Major markets around the world are in liquidation mode, meaning investors long risk-assets are still trying to sell out of their positions, Craig Ferguson, a currency hedge fund manager at Antipodean Capital Management in Melbourne, told Bloomberg TV.

He said these markets will likely fall 10 to 15 percent from current levels.  He thinks the S&P 500 Index will eventually fall somewhere near 1,010, which happens to be the 2010 low. He forecast oil to fall to around $70 per barrel. 

Whether or not this liquidation move turns into a sustained bear market depends on how the economy performs, said Ferguson.  If the economy does poorly, a sustained bear market will likely materialize.

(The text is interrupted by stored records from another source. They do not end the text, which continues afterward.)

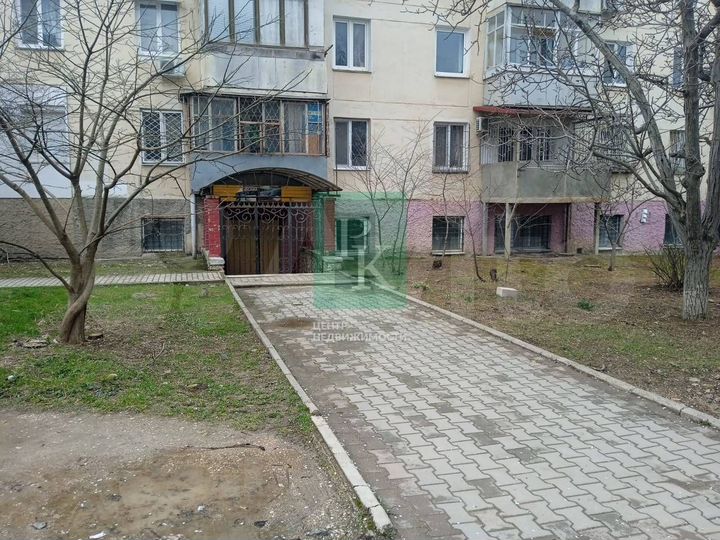 Помещение 40,6 м2 на первой линии Юмашева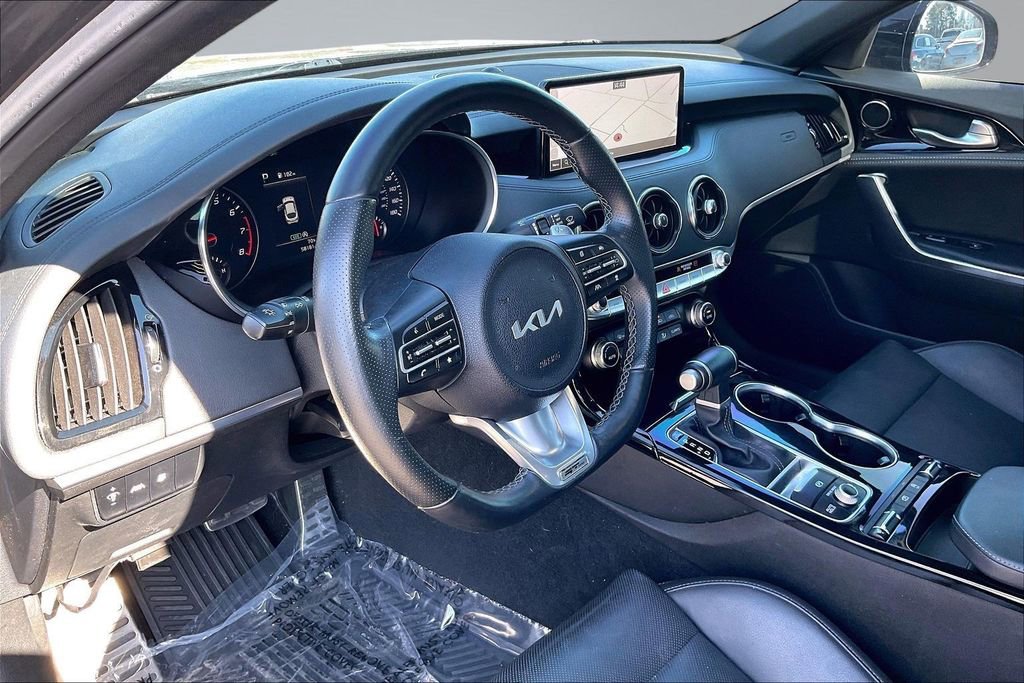 Used 2023 Kia Stinger GT-Line image 14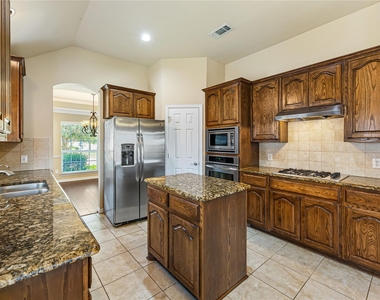 928 Wellington Drive - Photo Thumbnail 3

On Thursday, U.S. stocks closed mixed, with the S&P 500 Index closing up 9 points to end at 1,160, the Dow Jones Industrial Average climbing 143 points to close at 1,153, but the Nasdaq Composite declining 10 points to finish at 2,480.

Thursday's relatively upbeat performance was sparked by better than expected U.S. economic data and positive news out of Europe.

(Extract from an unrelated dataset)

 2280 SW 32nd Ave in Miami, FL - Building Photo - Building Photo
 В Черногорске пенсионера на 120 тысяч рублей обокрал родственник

However, in a downtrend, hope and rallies are short-lived and quickly dashed when reality sinks in, Mikio Kumada, global strategist at LGT Capital Management in Singapore, told Bloomberg TV.

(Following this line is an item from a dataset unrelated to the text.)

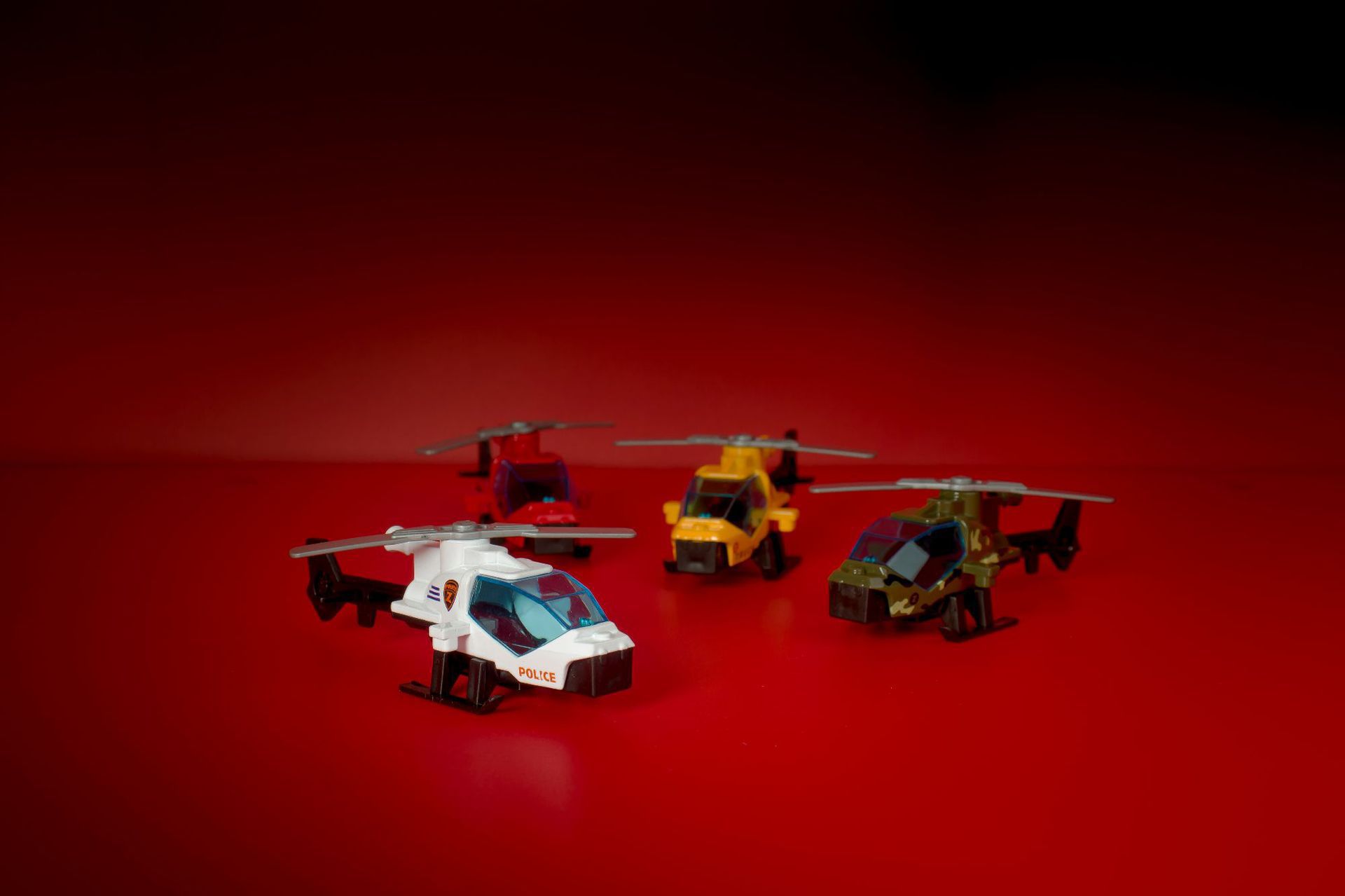 합금 자동차 모델 항공기 모델 어린이 장난감 군사 장식품 소년 장난감 택시 시뮬레이션 헬리콥터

Many analysts and investors, for example, believe the overriding reality is that there is no easy solution for Greece and the ultimate outcome will be quite painful, despite any temporary bailout solution authorities may come up with.  

Kumada, who used the word bear market to describe the current downtrend, said the best case scenario is for the market to bounce along the bottom for a while.